Diachronic and synchronic variation in the performance of adaptive machine learning systems: The ethical challenges
Hatherley, Joshua, Sparrow, Robert
Leveraging this'adaptive' potential of medical ML could generate significant benefits for patient health and well-being. Recent engagements with the ethical issues generated by the use of adaptive ML systems in medicine have typically been limited to discussions of'the update problem': how should systems that continue to change and evolve post-regulatory approval be regulated?

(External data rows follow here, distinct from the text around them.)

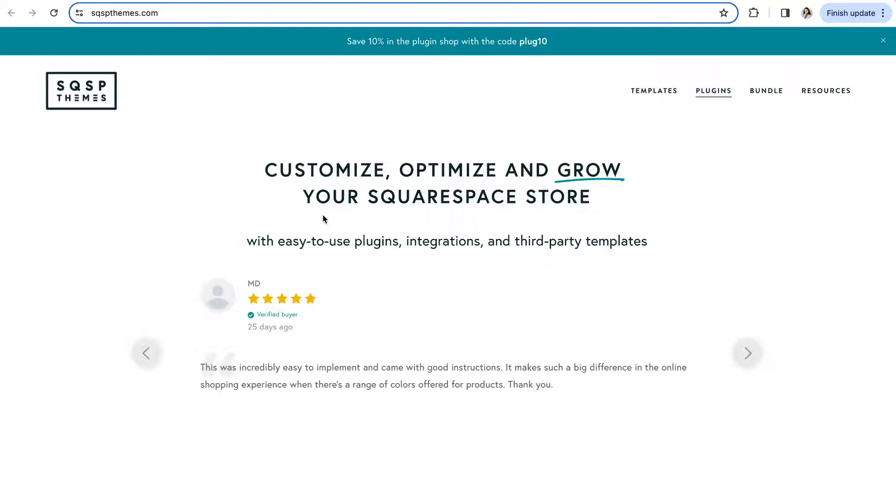And that is our roundup of where to find the best plugins to enhance your Squarespace website. Hopefully you found this helpful and it got you thinking about some new creative customizations you can add to your site. Don't forget that links to all of these plugins are in the full blog post linked in the description below. Subscribe to our channel — we post new videos every single week, and we hope to see you in the next one.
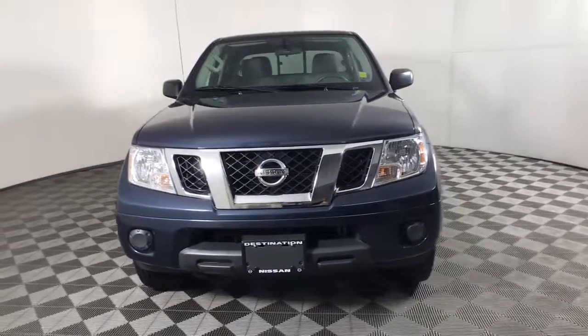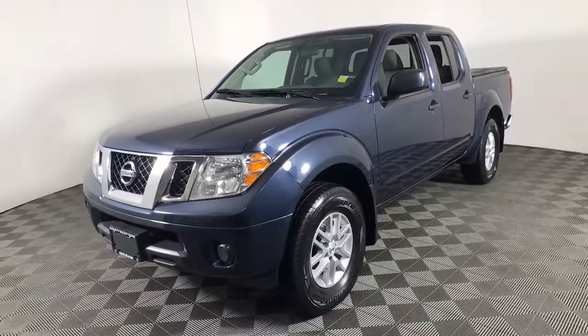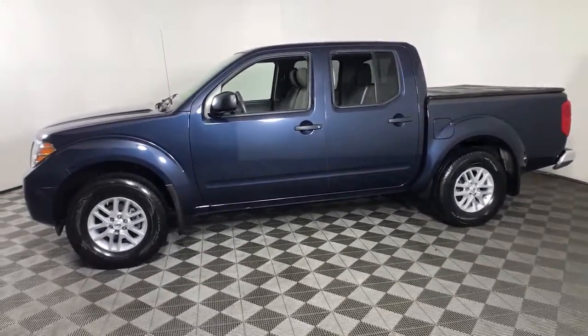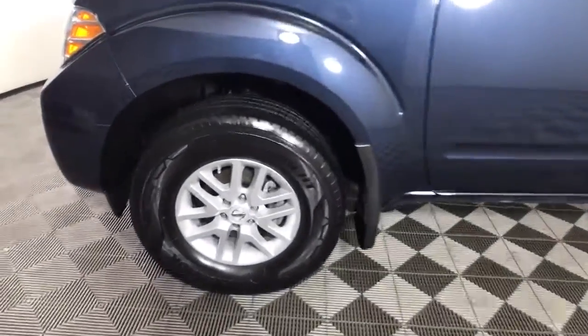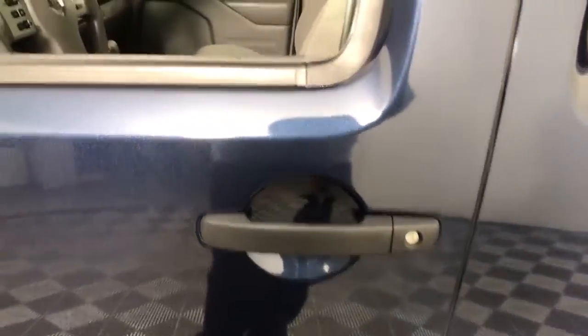Get acquainted with the 2019 Nissan Frontier. With less than 20,000 miles on the odometer, this vehicle stands out from the rest. Make comfort and convenience part of every job in this well-equipped Frontier. This midsize pickup is built to work as hard as you do, and it's available at an exceptional value.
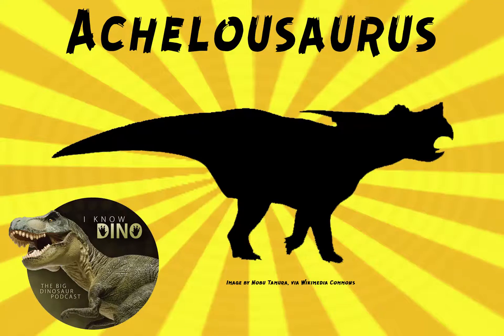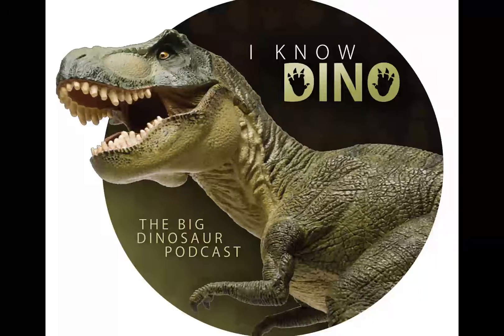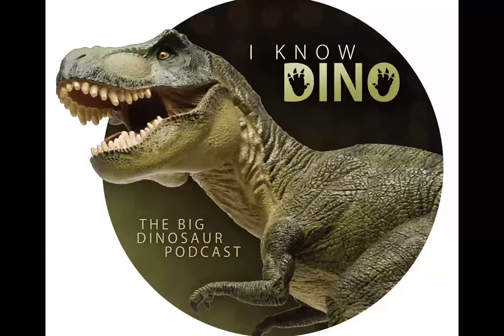And now on to our dinosaur of the day, Achelusaurus, which was a request from Cole via Patreon, so thanks Cole. The name means Achelus's lizard. It was a centrosaurine ceratopsid that lived in the late Cretaceous in North America.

In this paper, we draw attention to an important set of ethical issues raised by the use of adaptive machine learning systems in medicine that have, thus far, been neglected and are highly deserving of further attention. Discussions of adaptive machine learning systems to date have overlooked the distinction between two sorts of variance that such systems may exhibit -- diachronic evolution (change over time) and synchronic variation (difference between cotempo-raneous instantiations of the algorithmic system at different sites) -- and underestimated the significance of the latter. Both diachronic evolution and synchronic variation will complicate the hermeneutic task of clinicians in interpreting the outputs of AI systems, and will therefore pose significant challenges to the process of securing informed consent to treatment. Equity issues may occur where synchronic variation is permitted, as the quality of care may vary significantly across patients or between hospitals. However, the decision as to whether to allow or eliminate synchronic variation involves complex trade-offs between accuracy and generalisability, as well as a number of other values, including justice and non-maleficence. In some contexts, preventing synchronic variation from emerging may only be possible at the expense of the wellbeing, and the quality of care available to, particular patients or classes of patients. Designers and regulators of adaptive ML systems will need to confront these issues if the potential benefits of adaptive ML in medical care are to be realised.